:: Problem details ::
Make an exact copy of the lines from the one containing "Sterling silver crystal butterfly ear-cuff" through the end of the material, including both ends but no pictures.

:: Dataset section ::
☆ ☆ ☆ ☆ ☆

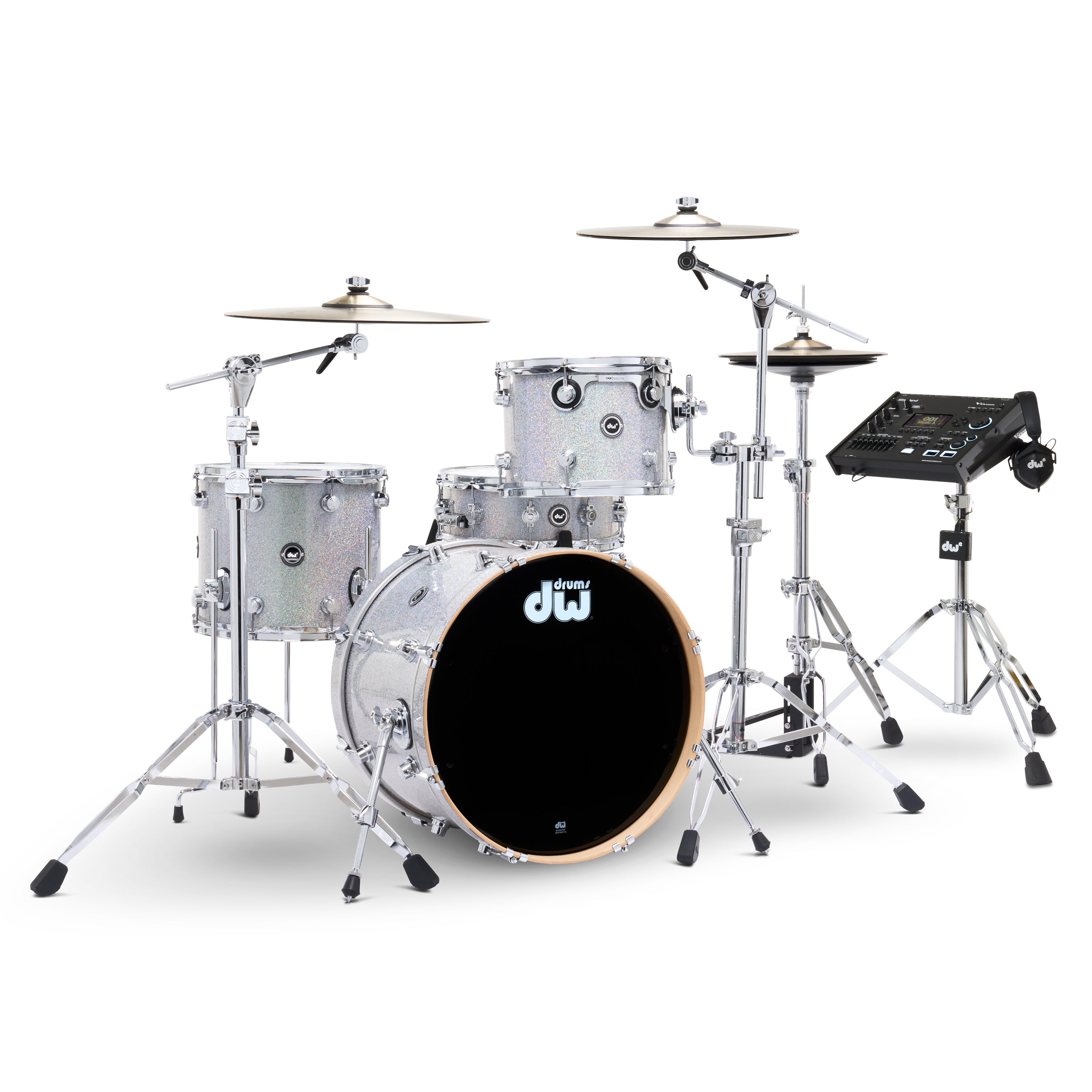 Drum Workshop DWe 4pc Kit with V71 Module and DWe Cymbals - Diamond Nebula, View 1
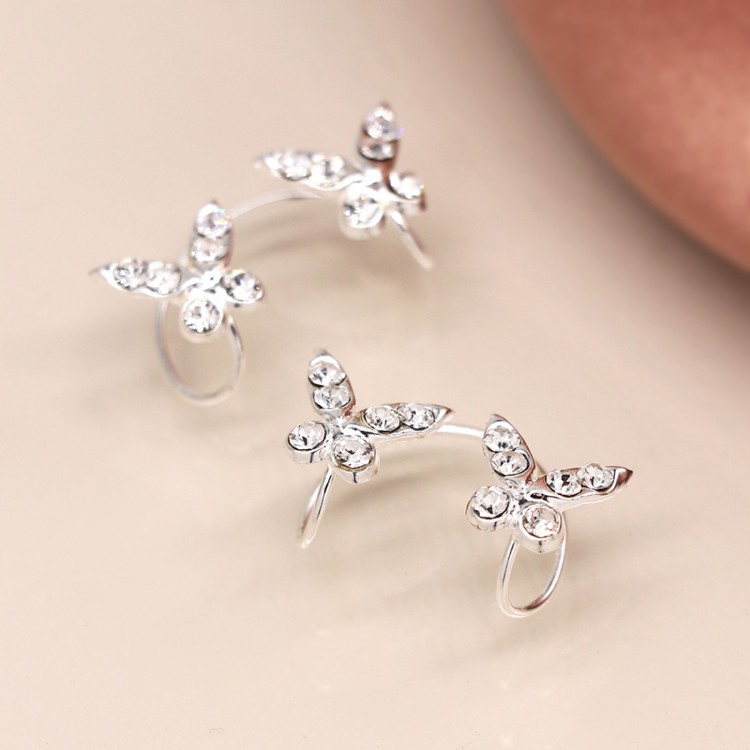  Sterling silver crystal butterfly ear-cuff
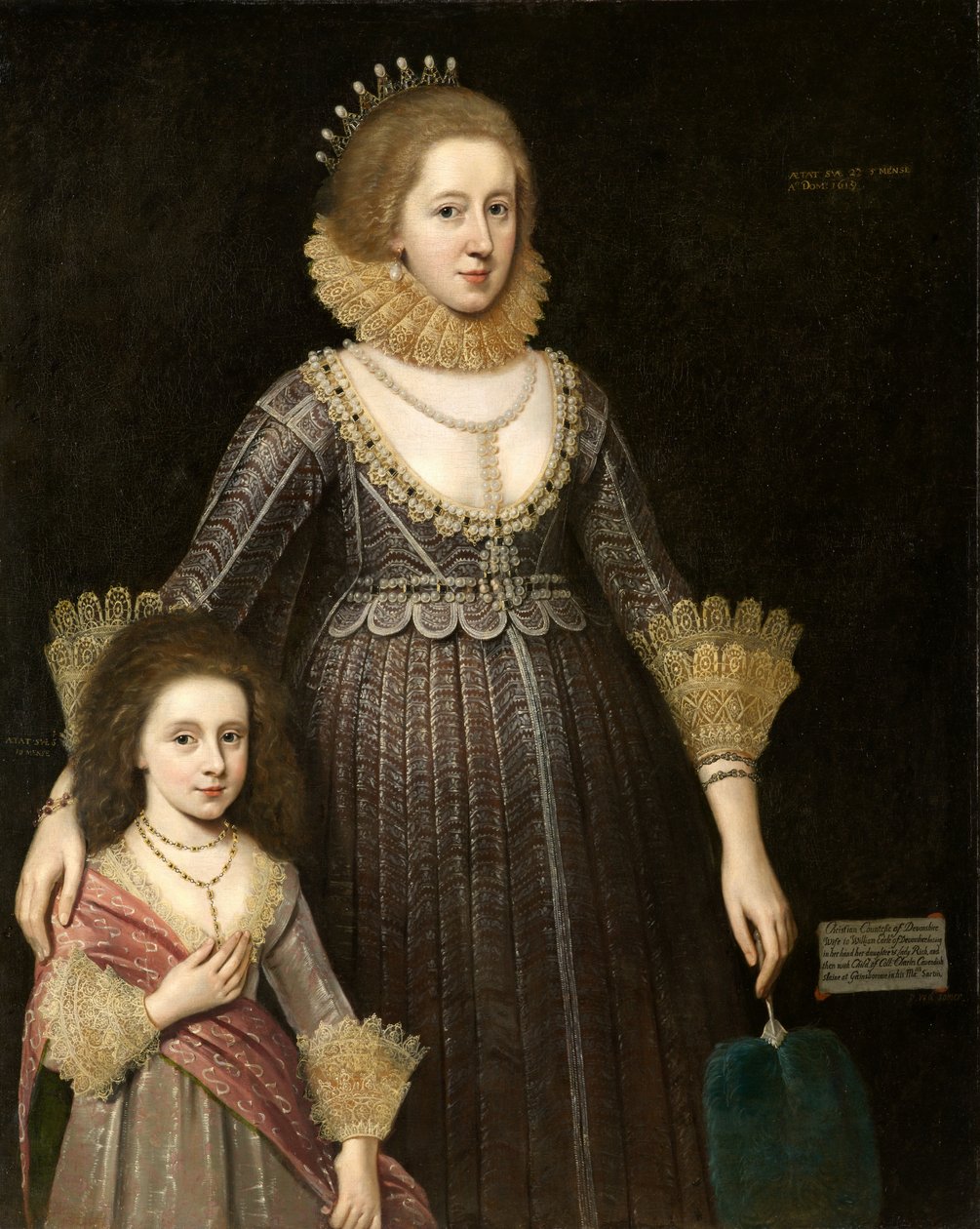 Christian, Lady Cavendish, senere grevinde af Devonshire (1598-1675) og hendes datter af Paul van Somer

☆ ☆ ☆ ☆ ☆

:: Solution to this problem ::
  Sterling silver crystal butterfly ear-cuff
 Christian, Lady Cavendish, senere grevinde af Devonshire (1598-1675) og hendes datter af Paul van Somer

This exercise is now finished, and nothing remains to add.